Evaluation on Semantic3D. Table 3 compares our SQN with a number of fully-supervised methods. It can be seen that our SQN trained with 0.1% labels achieves competitive performance with fully-supervised baselines on both Semantic8 and Reduced8 subsets. This clearly demonstrates the effectiveness of our semantic query framework, which takes full advantage of the limited annotations. Additionally, we also train our SQN with only 0.01% randomly annotated points, considering the extremely large amount of 3D points scanned. We can see that our SQN trained with 0.01% labels also achieves satisfactory accuracy, though there is space to be improved in the future.

5.2 Evaluation on Large-Scale 3D Benchmarks

To validate the versatility of our SQN, we further evaluate our SQN on four point cloud datasets with different density and quality, including SensatUrban [23], Toronto3D [58], DALES [68], and SemanticKITTI [3]. Note that, all existing weakly supervised approaches are only evaluated on the dataset with dense point clouds, and there are no results reported on these datasets. Therefore, we only compare our approach with existing fully-supervised methods in this section.
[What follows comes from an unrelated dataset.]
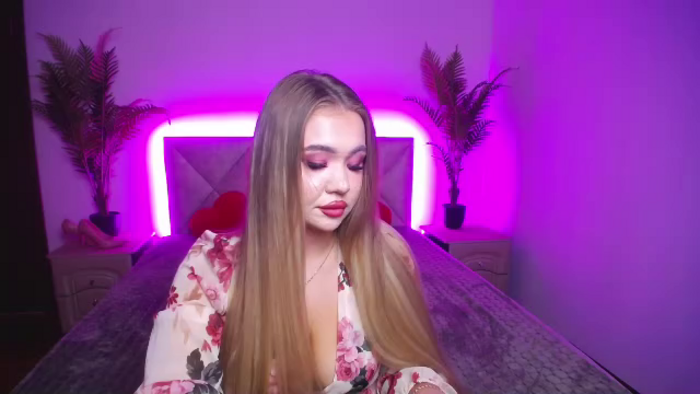 stacy-boss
Table 4. Quantitative results of different approaches on the DALES [68], SensatUrban [23], Toronto3D [58] and SemanticKITTI [3].

Full size table

As shown in Table 4, the performance of our SQN is on par with the fully-supervised counterpart RandLA-Net on several datasets, whilst the model is only supplied with 0.1% labels for training. In particular, our SQN trained with 0.1% labels even outperforms the fully supervised RandLA-Net on the SensatUrban dataset. This shows the great potential of our method, especially for extremely large-scale point clouds with billions of points, where the manual annotation is unrealistic and impractical. The detailed results can be found in Appendix.

5.3 Ablation Study

To evaluate the effectiveness of each module in our framework, we conduct the following ablation studies. All ablated networks are trained on Areas\(\{1/2/3/4/6\}\) with 0.1% labels, and tested on the Area-5 of the S3DIS dataset.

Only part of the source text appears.